[Exercise directions] The listing below should be printed exactly, though its pictures must not be.

[Dataset section]
※ ※ ※

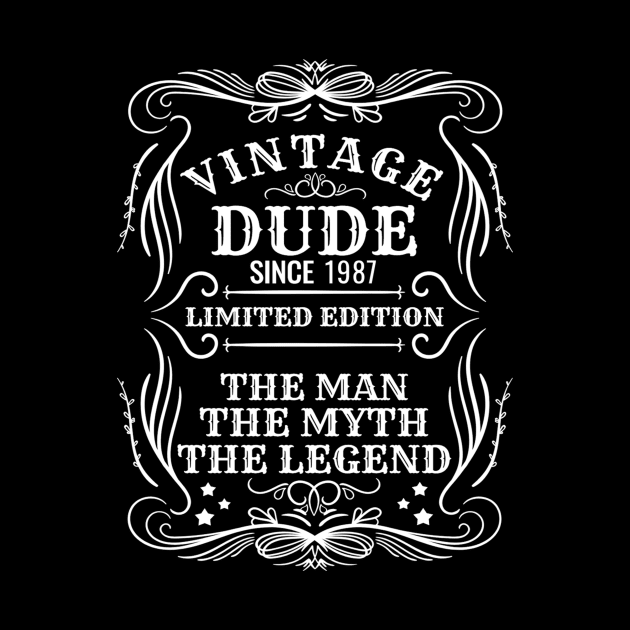 Vintage Dude 1987 Gift by pa2rok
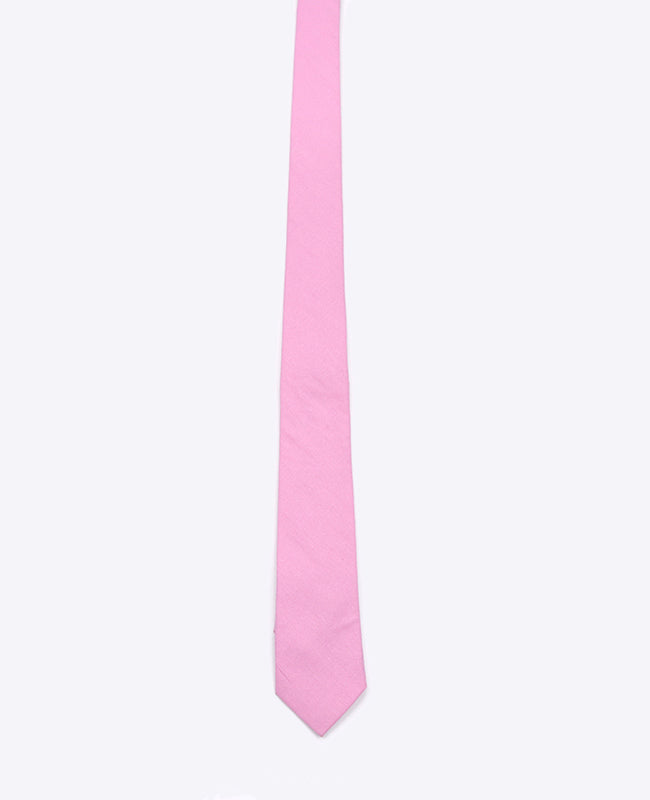 Gravata Rosa n°4 Homem em Algodão «Edgard»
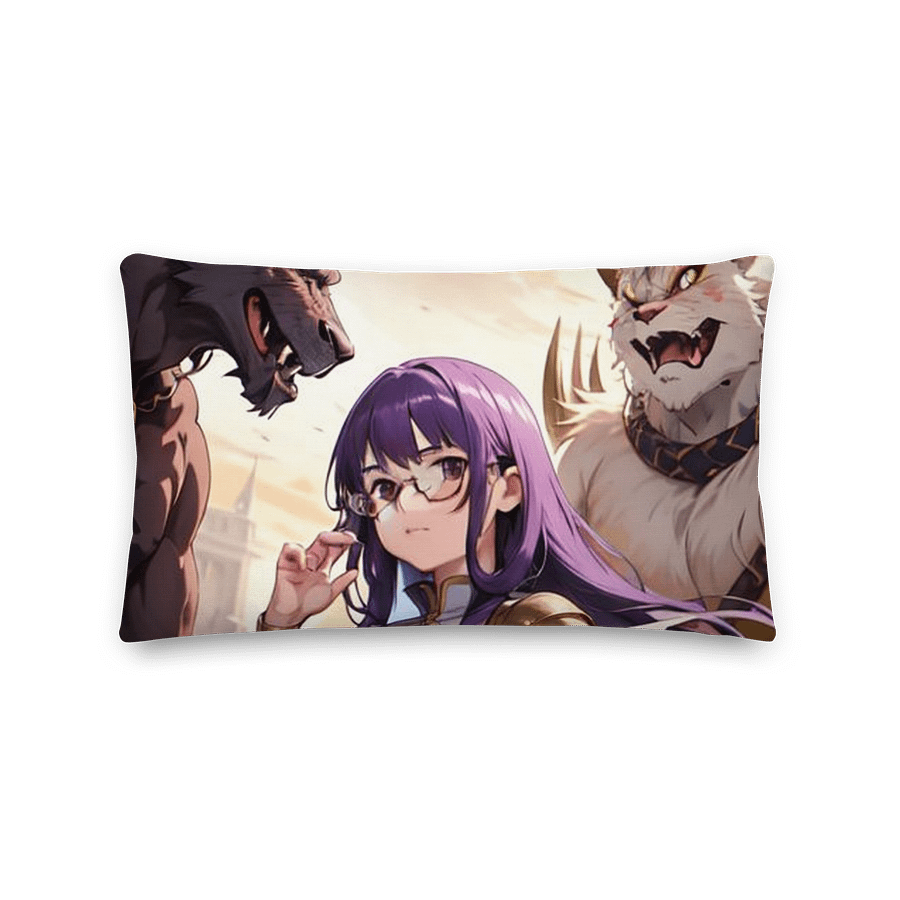 Purple K Warrior Pillow product image (5)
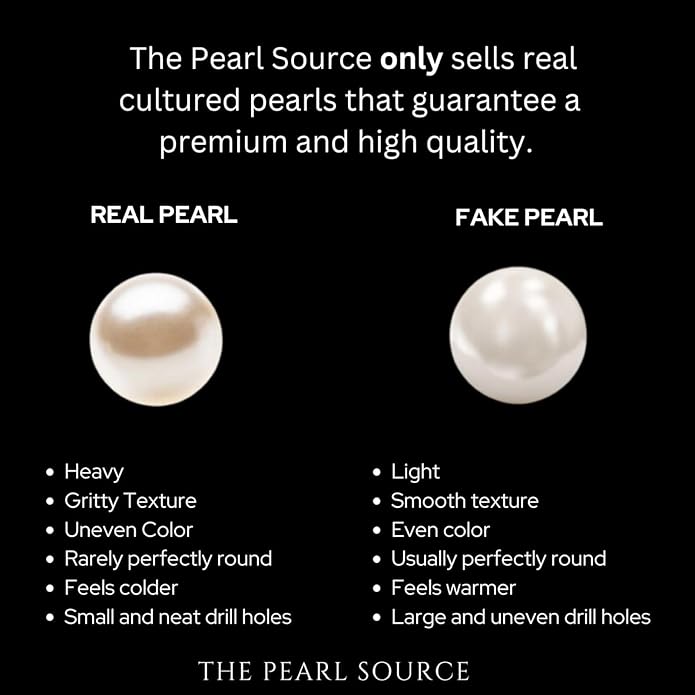 The Pearl Source Freshwater Pearl Pendant Sydney Necklace for Women - Cultured Pearl Necklace | Single Pearl Necklace for Women with 925 Sterling Silver Chain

※ ※ ※

[Solution to this exercise]
 Vintage Dude 1987 Gift by pa2rok
 Gravata Rosa n°4 Homem em Algodão «Edgard»
 Purple K Warrior Pillow product image (5)
 The Pearl Source Freshwater Pearl Pendant Sydney Necklace for Women - Cultured Pearl Necklace | Single Pearl Necklace for Women with 925 Sterling Silver Chain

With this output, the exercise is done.